*Try it*
With the images removed, return every line below exactly as it reads.

*The data*

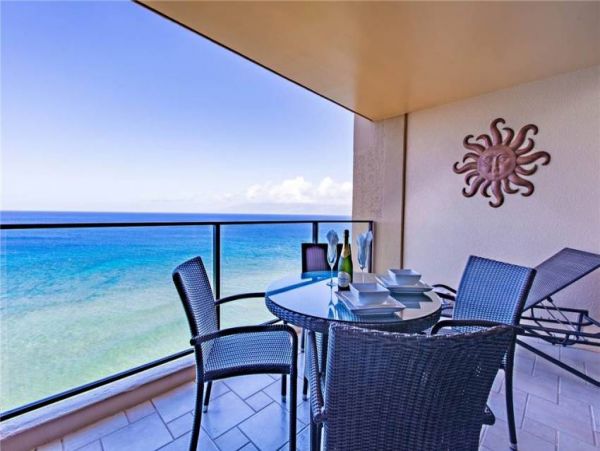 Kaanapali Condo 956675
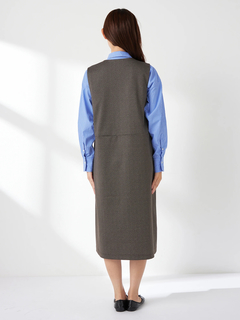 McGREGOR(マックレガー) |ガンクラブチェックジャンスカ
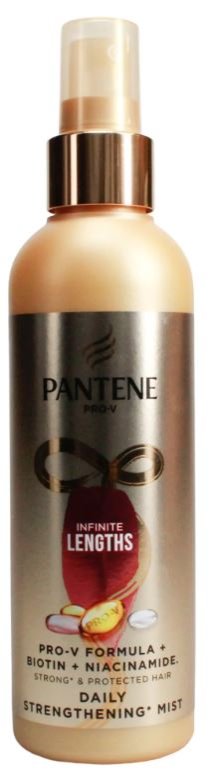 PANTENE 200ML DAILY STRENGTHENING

*Response to the exercise*
 Kaanapali Condo 956675
 McGREGOR(マックレガー) |ガンクラブチェックジャンスカ
 PANTENE 200ML DAILY STRENGTHENING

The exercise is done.